Glorie e caducità umane, mosse dai fili del destino, si rincorrono nella storia degli uomini. Il Giulio Cesare di Händel nel nuovo spettacolo firmato da Chiara Muti (nato al Teatro Alighieri di Ravenna e dato a Modena, Piacenza, Reggio Emilia, Bolzano) è approdato anche al Teatro del Giglio Puccini di Lucca, che prosegue così il meritorio percorso di valorizzazione dell’opera barocca intrapreso con il successo del Tamerlano di Vivaldi.
Allestimento essenziale, simbolico ed evocativo, grazie alle scene di Alessandro Camera, ai costumi dall’elegante taglio moderno di Tommaso Lagattolla, alle luci calzanti di Vincent Longuemare. Chiara Muti ha il merito, con la sua regia, di fare teatro, nel vero senso della parola; scongiura il pericolo di una monumentalità alla quale potrebbe portare il susseguirsi schematico di recitativi e arie (tipico nell’opera seria di quegli anni), per sostituirlo con una continua vitalità, di segno appunto teatrale: nel rapporto, anche ambiguo, fra i personaggi, nelle continue e spesso assennate trovate (si esagera con i passi danzati, poetica è invece la citazione dal Sogno di una notte di mezza estate di Shakespeare, a ricreare l’incanto di quando Cleopatra seduce Cesare) e anche ricorrendo a un’ironia che fa da pendant alla dimensione tutta seria della vicenda. Tolomeo è un capriccioso, sbeffeggiato dai suoi servi, e quando riceve Cesare gli imbandisce pietanze che esalano vistosi vapori venefici. È lo sguardo distaccato di oggi rivolto a quel Settecento celebrativo e parruccone.
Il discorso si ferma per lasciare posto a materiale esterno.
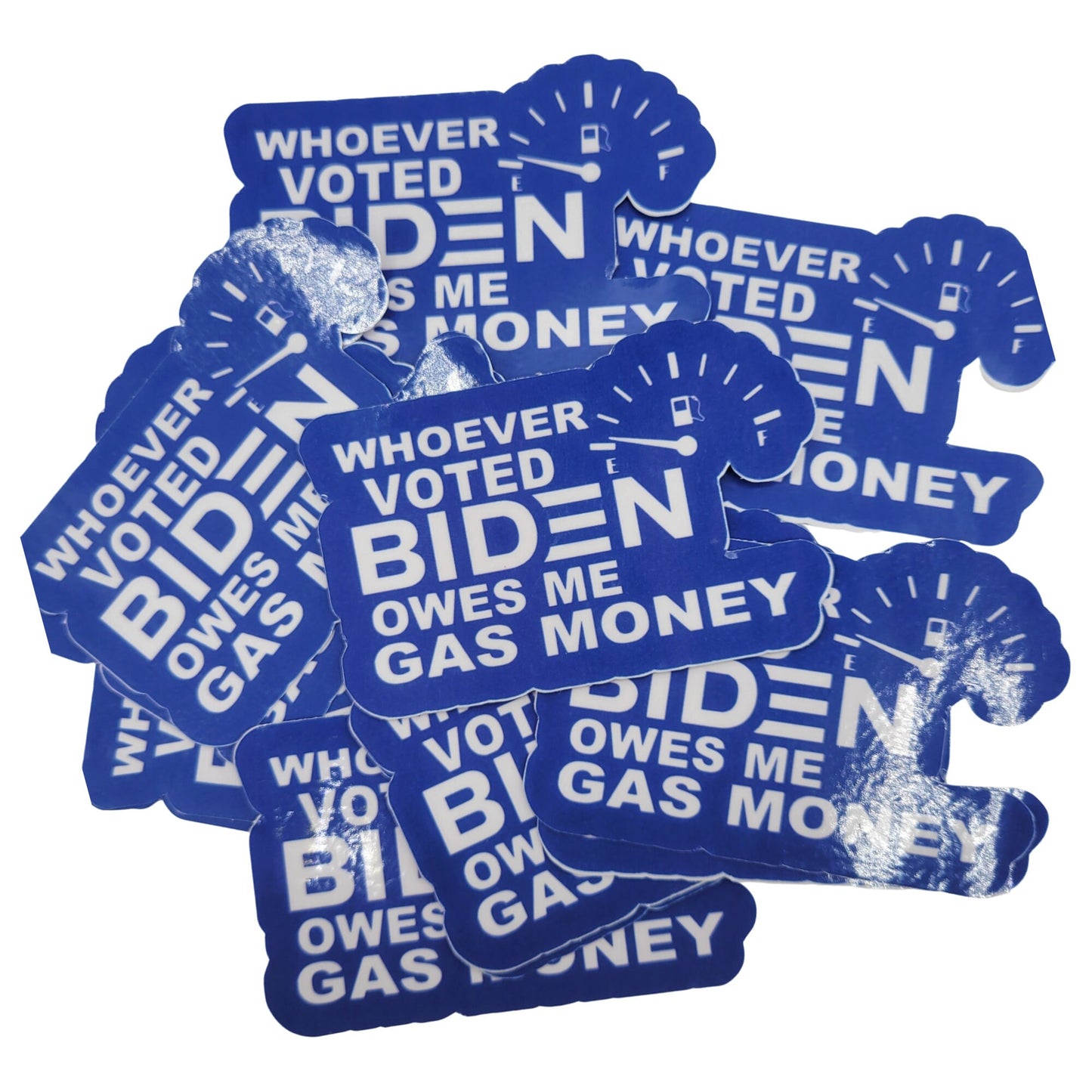 Whoever Voted Biden Sticker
Direzione di Ottavio Dantone
Le tre ore e più di questo Giulio Cesare (pur sforbiciato) trascorrono senza ampollosità barocche, anche perché lo spettacolo segue il passo scorrevole e assai ben articolato della direzione di Ottavio Dantone, che alla testa della sua Accademia Bizantina ottiene trasparenza e dettagli. Marie Lys (Cleopatra) ha voce ben levigata e che corre con naturalezza, Davide Giangregorio (Achilla) è interprete autorevole, Dalphine Galou (Cornelia) si distingue più che altro per doti nella recitazione. Ben quattro i controtenori schierati in campo: Raffaele Pe è un Giulio Cesare dalla musicalità accattivante ma talvolta opaco nelle agilità, Filippo Mineccia realizza, con sicurezza e verve istrionica, un Tolomeo isterico, Andrea Gavagnin è un Nireno affidabile. Ma da tenere d’occhio è Federico Florio: il suo Sesto beneficia di una tecnica impeccabile, di un timbro luminoso e senza incrinature, di lucida morbidezza d’accenti.